■ SUPPLIED MATERIAL:
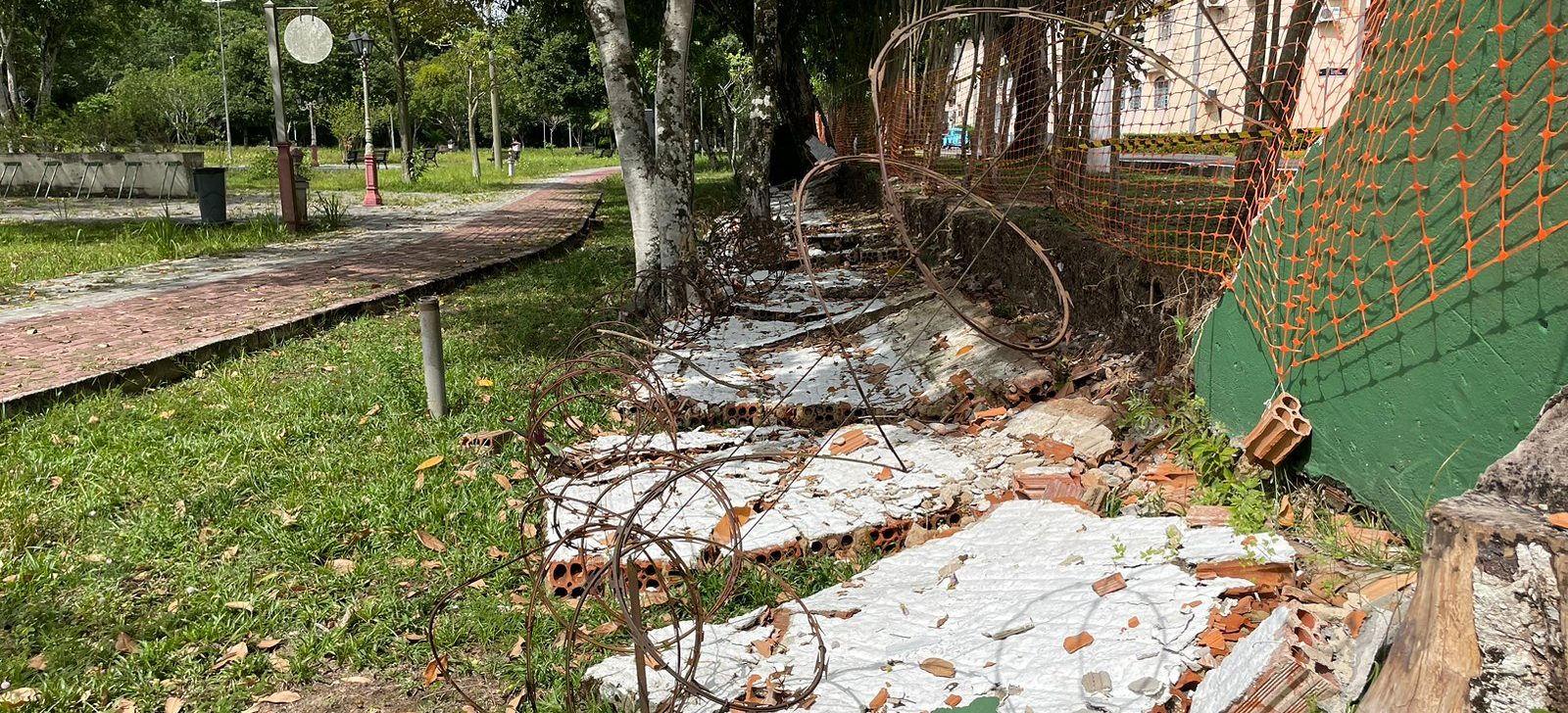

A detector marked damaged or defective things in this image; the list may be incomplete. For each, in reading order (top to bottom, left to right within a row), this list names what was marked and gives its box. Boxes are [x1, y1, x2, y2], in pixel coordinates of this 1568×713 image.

broken concrete slab [589, 501, 1298, 713]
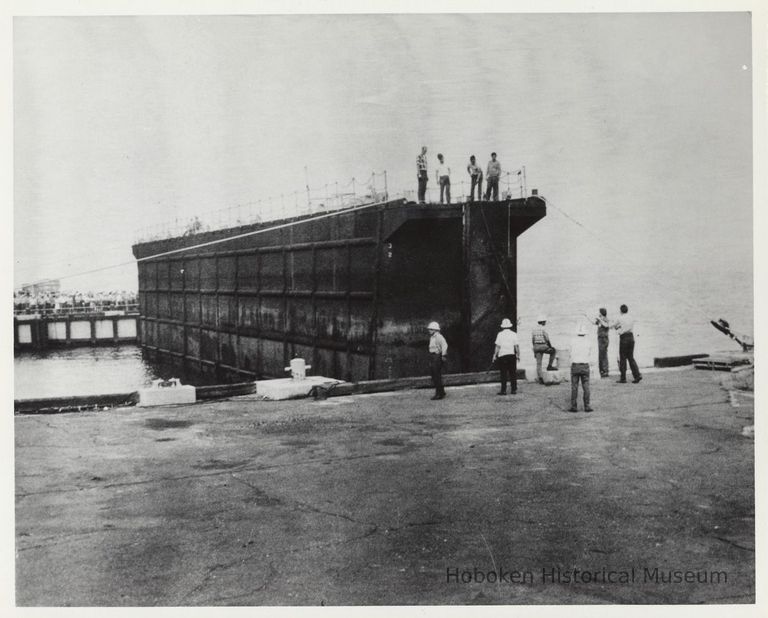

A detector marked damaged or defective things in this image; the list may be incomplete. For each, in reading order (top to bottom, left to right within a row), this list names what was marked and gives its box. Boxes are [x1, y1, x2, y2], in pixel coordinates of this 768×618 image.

rusted steel hull [132, 197, 544, 380]
cracked concrete pavement [15, 366, 752, 600]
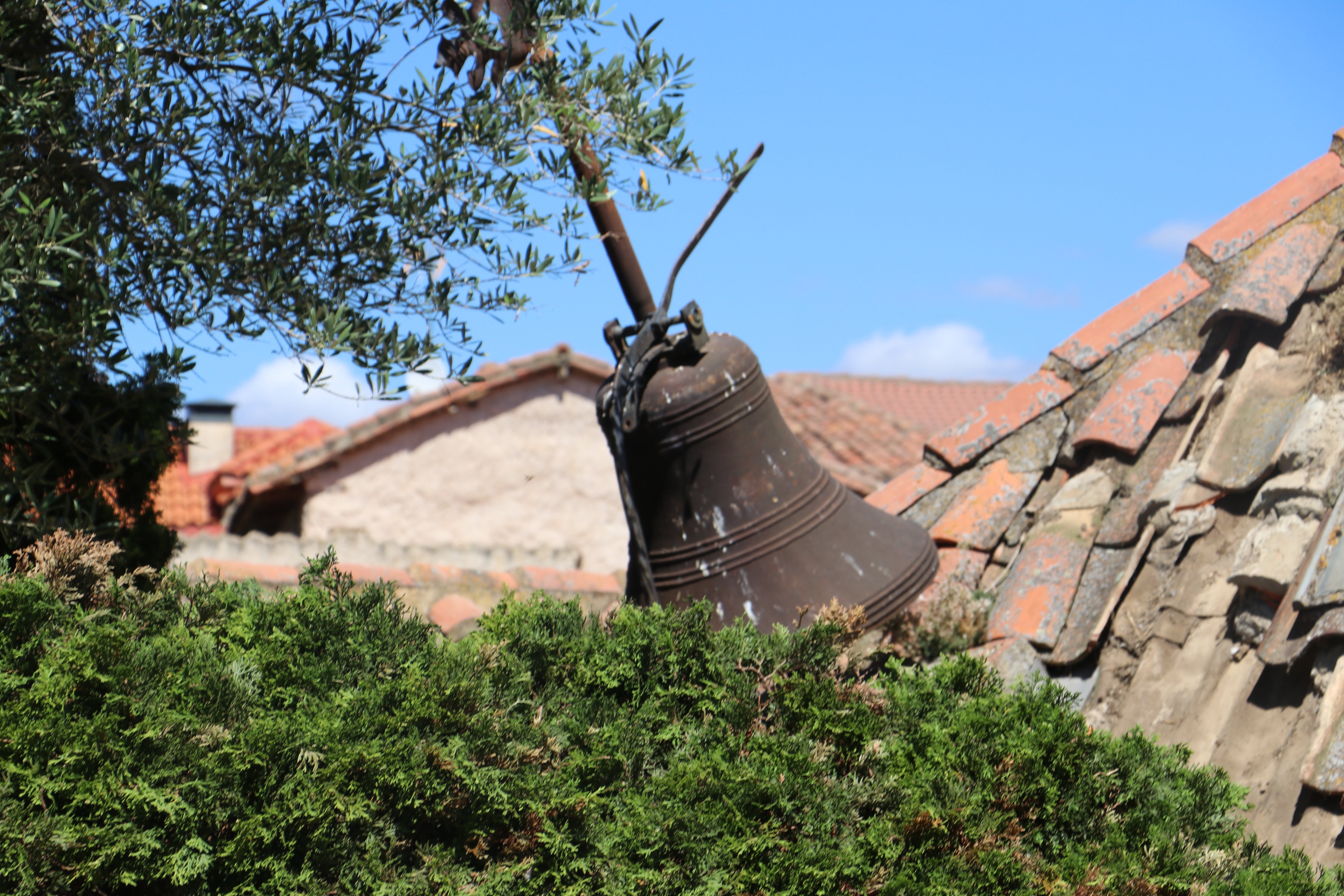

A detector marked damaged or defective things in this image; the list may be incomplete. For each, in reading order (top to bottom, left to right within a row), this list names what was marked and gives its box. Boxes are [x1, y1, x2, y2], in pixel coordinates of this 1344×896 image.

rusty metal pole [570, 140, 659, 323]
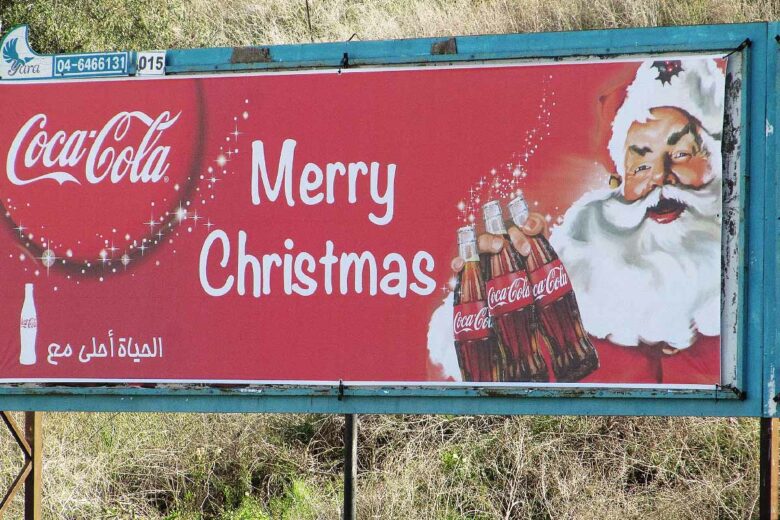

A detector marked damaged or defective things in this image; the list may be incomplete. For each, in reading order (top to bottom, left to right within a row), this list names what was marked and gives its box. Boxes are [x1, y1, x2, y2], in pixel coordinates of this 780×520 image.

■ WHAT NEEDS TO BE DONE: The pictures in the data should be omitted, and every remaining line set down exactly.

■ EXERCISE OUTPUT:
A detector marked damaged or defective things in this image; the list may be incomplete. For each, in reading order (top to bottom, left to right within a row), this list names what was marked and gives its box. Boxes are [x1, y1, x2, y2], in pixel coordinates of this 1568×713 image.

broken concrete slab [589, 501, 1298, 713]

A detector marked damaged or defective things in this image; the list may be incomplete. For each, in reading order (top to bottom, left to right within a row), this list names what was marked and gives its box. Boxes are [x1, y1, x2, y2], in pixel coordinates of this 768×618 image.

rusted steel hull [132, 197, 544, 380]
cracked concrete pavement [15, 366, 752, 600]

A detector marked damaged or defective things in this image; the list may be incomplete. For each, in reading order (top to bottom, left to right within a row), this list names what was marked and gives its box. Boxes are [x1, y1, x2, y2], in pixel coordinates of this 1344×896 image.

rusty metal pole [570, 140, 659, 323]

A detector marked damaged or defective things in this image; the list may be incomplete. For each, in reading order (top to bottom, left to right within a row), this list names what was marked and gives its box. Boxes are [x1, y1, x2, y2], in pixel coordinates of this 780×520 image.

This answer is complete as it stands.